**Activity**: Figure out the number of lines in the data that hold the string "Blotting". Reply with that figure only.

(Data extract)

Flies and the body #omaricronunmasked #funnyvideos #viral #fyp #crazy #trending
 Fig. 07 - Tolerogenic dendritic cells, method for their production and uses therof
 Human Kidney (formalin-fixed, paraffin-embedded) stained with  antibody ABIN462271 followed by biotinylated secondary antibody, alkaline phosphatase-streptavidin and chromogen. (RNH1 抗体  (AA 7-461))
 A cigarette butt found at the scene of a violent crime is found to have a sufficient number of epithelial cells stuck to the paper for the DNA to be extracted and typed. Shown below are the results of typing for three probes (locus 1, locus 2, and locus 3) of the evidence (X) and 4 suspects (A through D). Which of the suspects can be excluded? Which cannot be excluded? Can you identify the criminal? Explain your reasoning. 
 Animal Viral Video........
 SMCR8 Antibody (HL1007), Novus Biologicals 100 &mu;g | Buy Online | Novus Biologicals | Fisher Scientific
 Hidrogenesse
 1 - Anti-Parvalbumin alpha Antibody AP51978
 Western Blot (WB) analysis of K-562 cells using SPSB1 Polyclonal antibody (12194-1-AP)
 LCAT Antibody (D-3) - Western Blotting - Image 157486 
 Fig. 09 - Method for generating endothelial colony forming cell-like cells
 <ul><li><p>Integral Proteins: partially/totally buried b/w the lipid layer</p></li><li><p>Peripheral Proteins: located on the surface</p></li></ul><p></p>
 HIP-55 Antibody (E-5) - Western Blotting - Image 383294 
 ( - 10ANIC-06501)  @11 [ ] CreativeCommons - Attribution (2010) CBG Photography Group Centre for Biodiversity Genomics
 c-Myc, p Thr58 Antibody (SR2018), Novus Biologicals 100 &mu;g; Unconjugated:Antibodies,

(End Data extract)

**Expected answer**: 2